_Task to carry out_. Look below for the line that has "AVON / эйвон"; output exactly from it through the line that has "Best Western Hotel Du Roy D'aragon", and leave the pictures out.

(Records from a data collection)
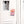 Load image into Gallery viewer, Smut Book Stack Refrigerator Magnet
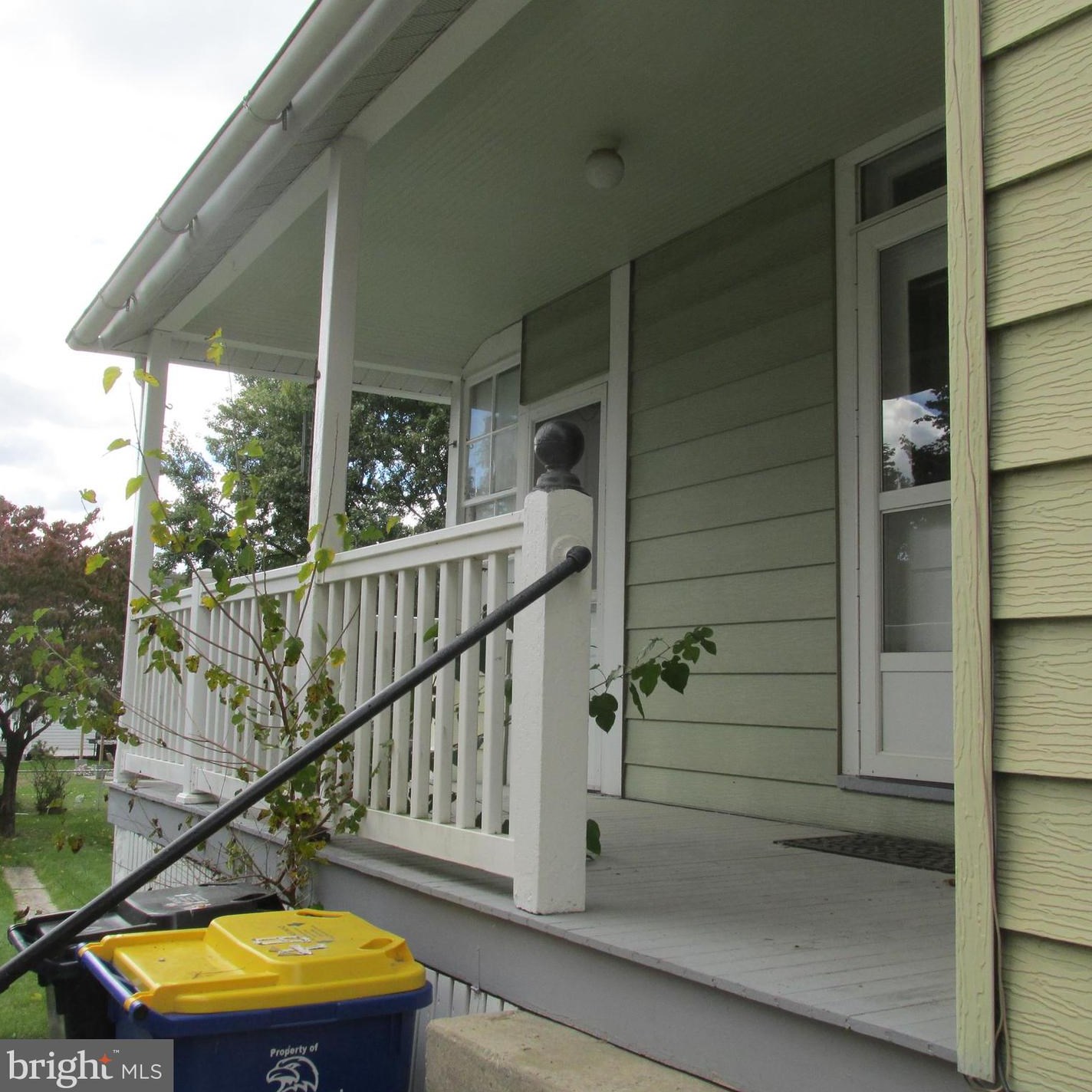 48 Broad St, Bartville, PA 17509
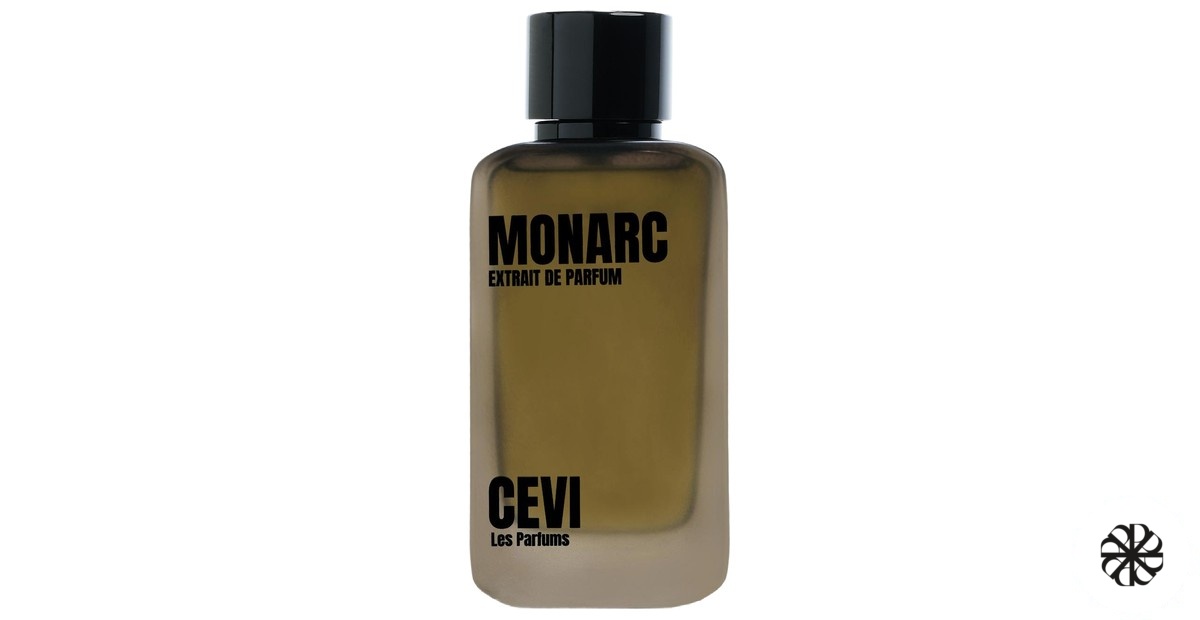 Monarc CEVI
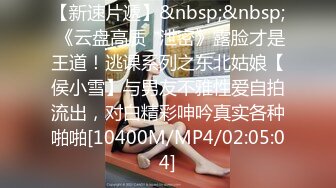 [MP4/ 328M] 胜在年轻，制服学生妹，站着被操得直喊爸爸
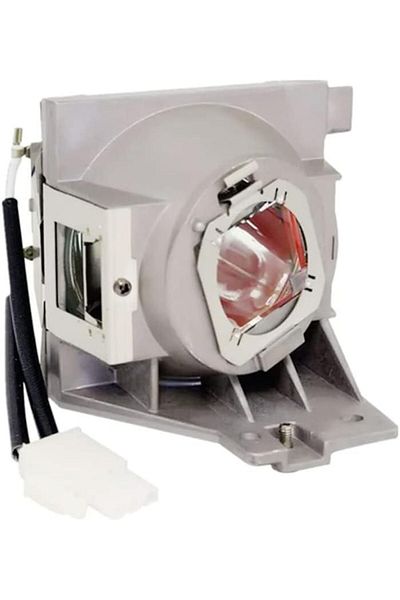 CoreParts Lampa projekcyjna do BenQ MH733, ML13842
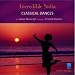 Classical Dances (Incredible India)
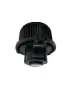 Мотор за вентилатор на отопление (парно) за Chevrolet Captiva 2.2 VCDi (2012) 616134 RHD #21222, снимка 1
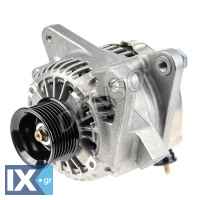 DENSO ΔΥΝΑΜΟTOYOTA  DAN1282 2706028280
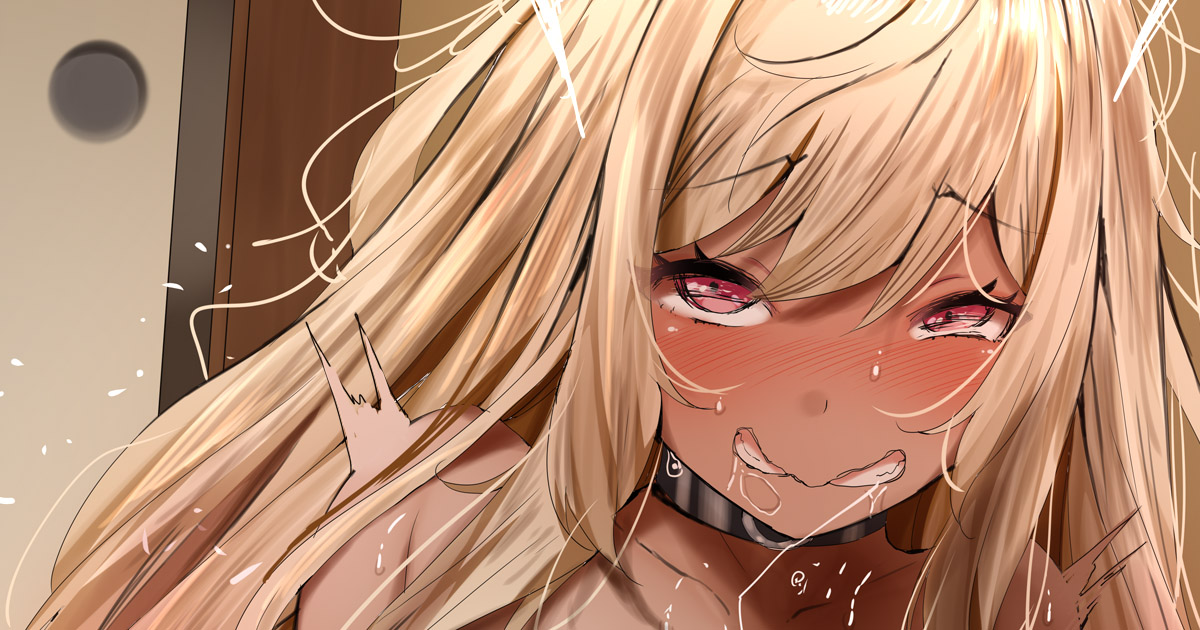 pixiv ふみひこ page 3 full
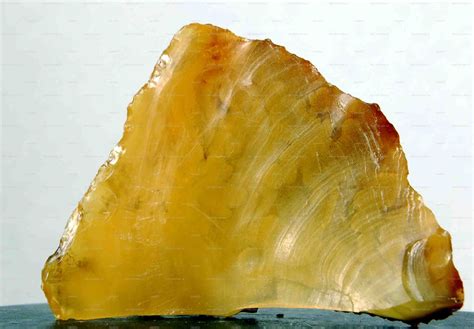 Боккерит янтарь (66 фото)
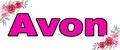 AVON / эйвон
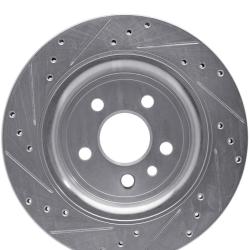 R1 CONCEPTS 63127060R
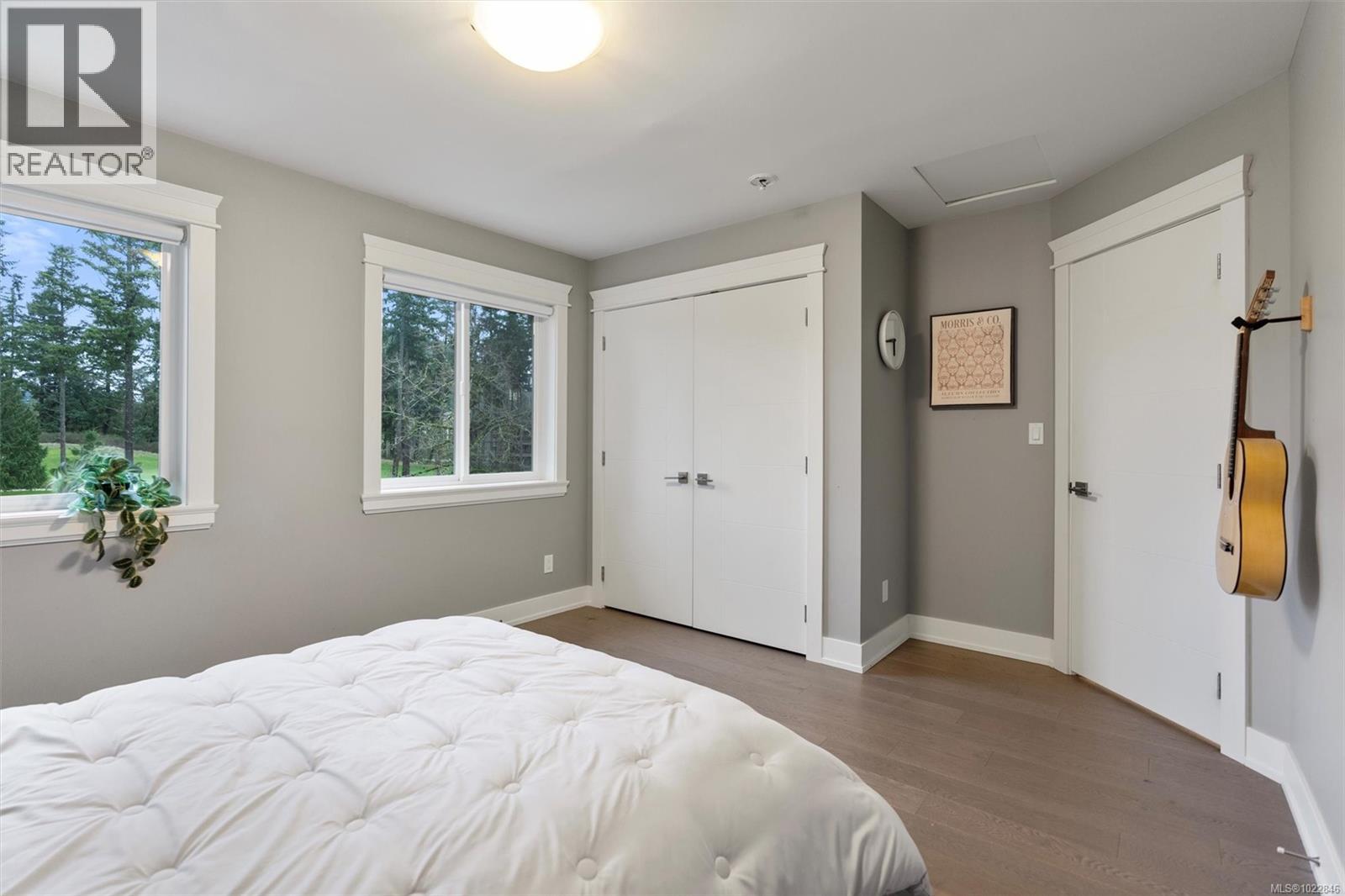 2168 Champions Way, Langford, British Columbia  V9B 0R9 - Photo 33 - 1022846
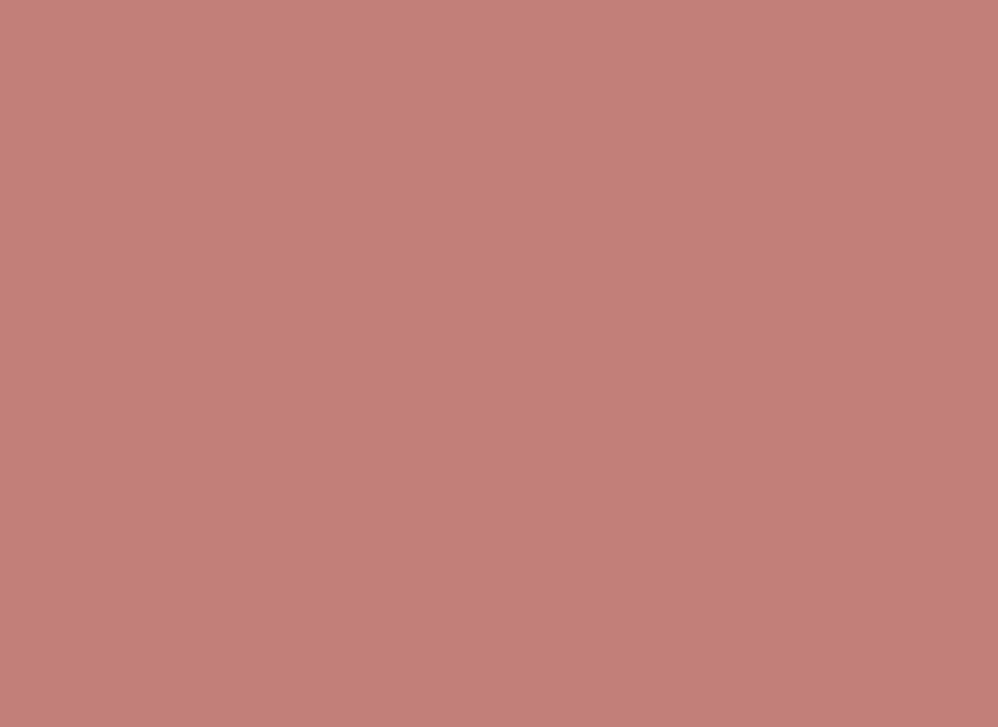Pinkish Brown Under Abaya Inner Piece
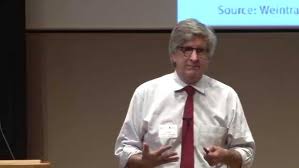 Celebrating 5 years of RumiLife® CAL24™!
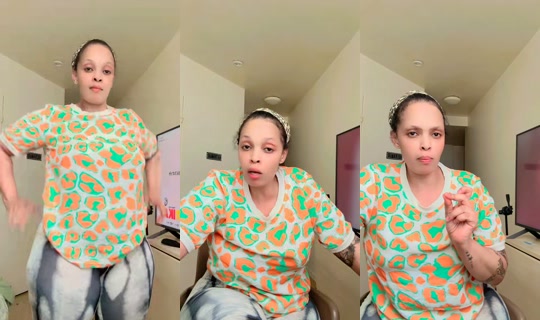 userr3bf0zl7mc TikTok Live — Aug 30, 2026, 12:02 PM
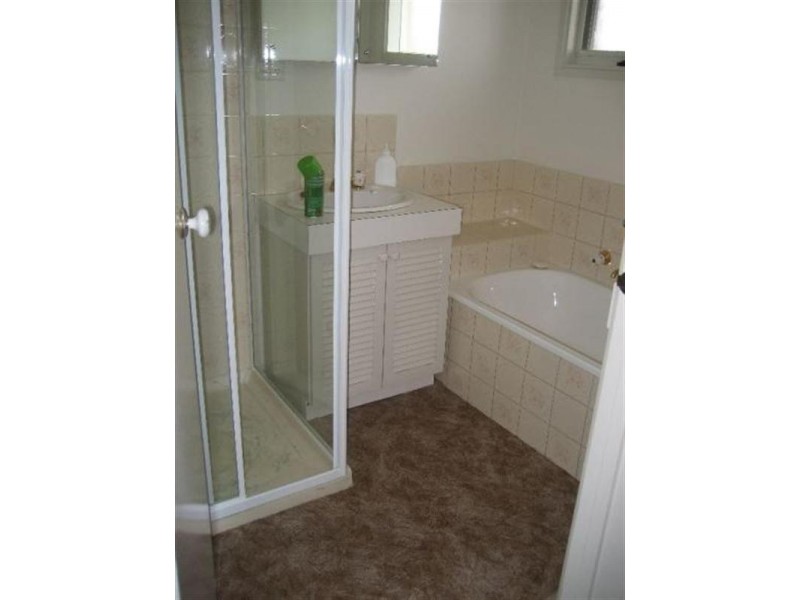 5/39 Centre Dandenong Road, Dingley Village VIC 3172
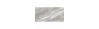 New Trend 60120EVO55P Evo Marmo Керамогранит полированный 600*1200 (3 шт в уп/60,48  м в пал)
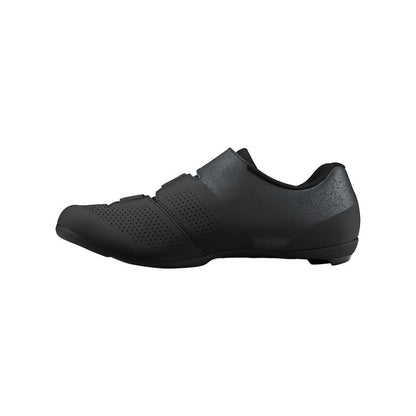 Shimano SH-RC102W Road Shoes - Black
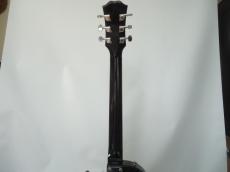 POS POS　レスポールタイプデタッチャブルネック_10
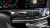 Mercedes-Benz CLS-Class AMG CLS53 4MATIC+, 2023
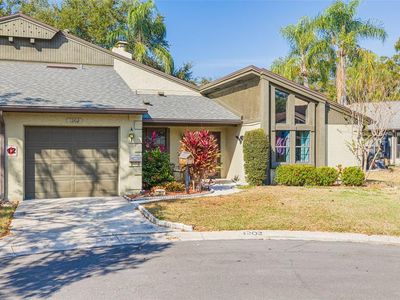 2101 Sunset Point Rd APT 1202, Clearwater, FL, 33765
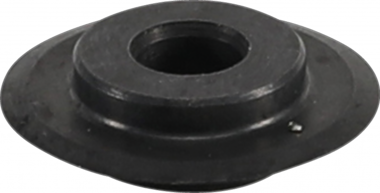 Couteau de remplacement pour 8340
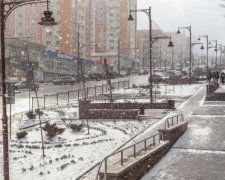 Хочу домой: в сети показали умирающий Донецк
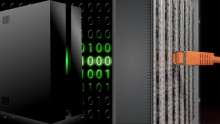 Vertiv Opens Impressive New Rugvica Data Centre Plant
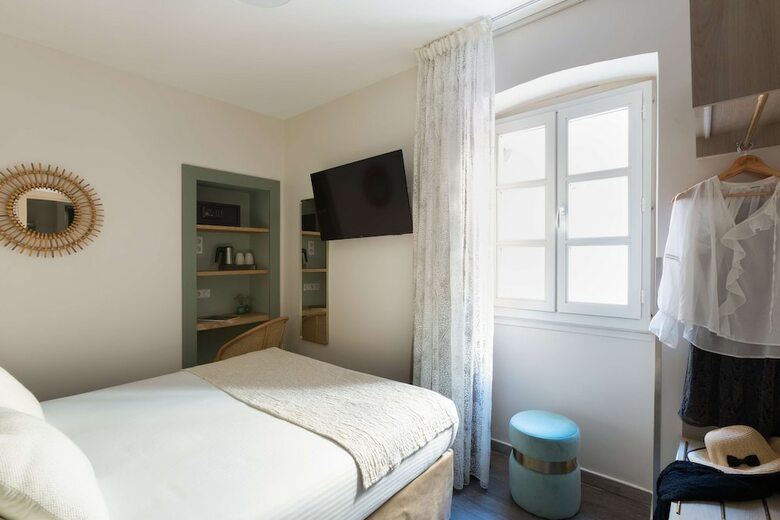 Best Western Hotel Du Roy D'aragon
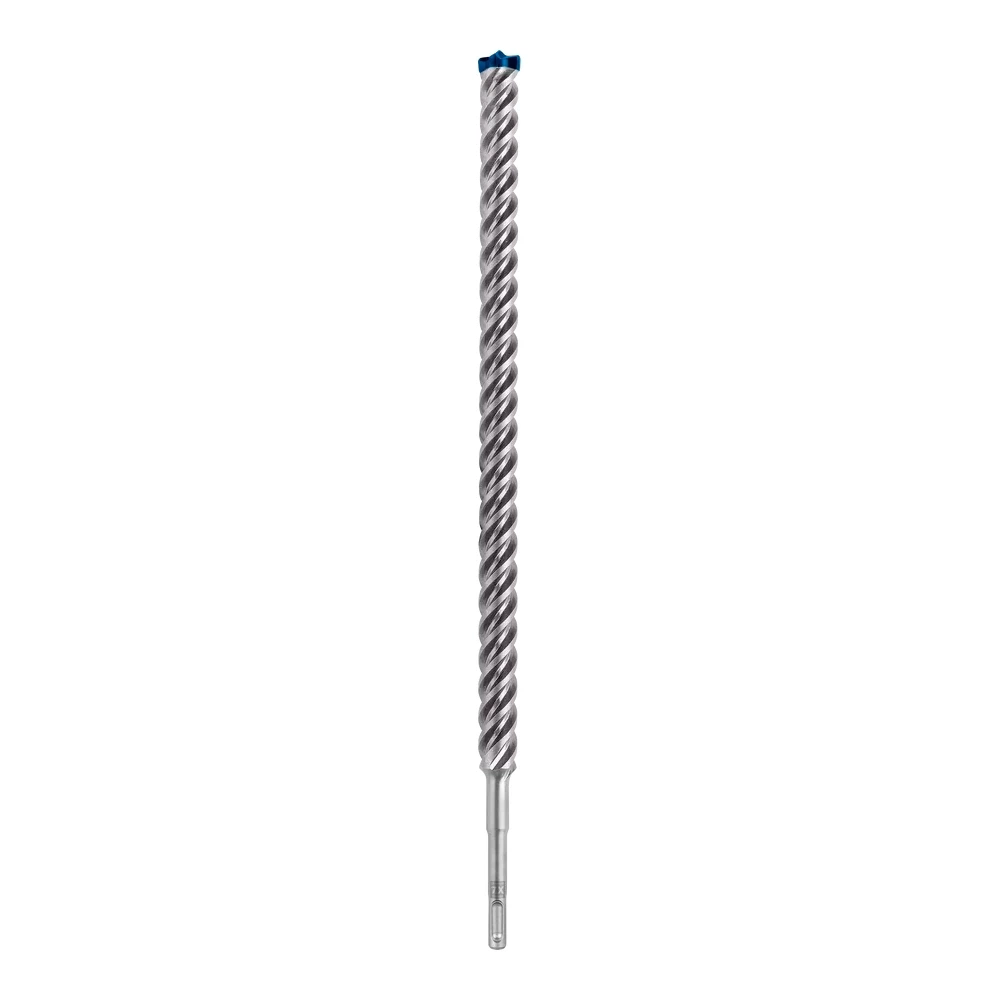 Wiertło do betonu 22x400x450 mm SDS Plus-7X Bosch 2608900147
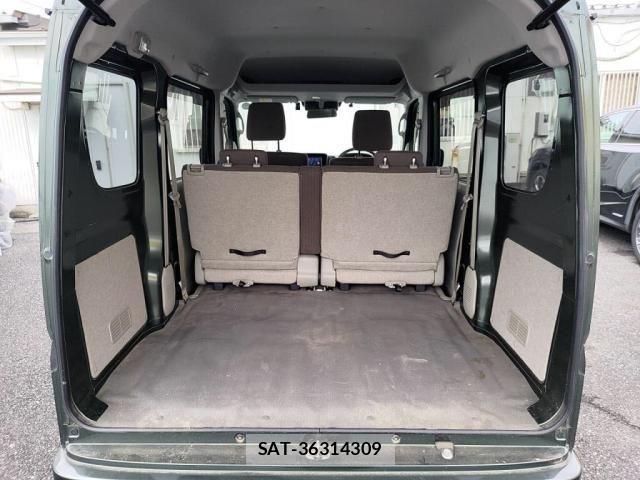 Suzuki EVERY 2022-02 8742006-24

_Result for this exercise_.
 AVON / эйвон
 R1 CONCEPTS 63127060R
 2168 Champions Way, Langford, British Columbia  V9B 0R9 - Photo 33 - 1022846
Pinkish Brown Under Abaya Inner Piece
 Celebrating 5 years of RumiLife® CAL24™!
 userr3bf0zl7mc TikTok Live — Aug 30, 2026, 12:02 PM
 5/39 Centre Dandenong Road, Dingley Village VIC 3172
 New Trend 60120EVO55P Evo Marmo Керамогранит полированный 600*1200 (3 шт в уп/60,48  м в пал)
 Shimano SH-RC102W Road Shoes - Black
 POS POS　レスポールタイプデタッチャブルネック_10
 Mercedes-Benz CLS-Class AMG CLS53 4MATIC+, 2023
 2101 Sunset Point Rd APT 1202, Clearwater, FL, 33765
 Couteau de remplacement pour 8340
 Хочу домой: в сети показали умирающий Донецк
 Vertiv Opens Impressive New Rugvica Data Centre Plant
 Best Western Hotel Du Roy D'aragon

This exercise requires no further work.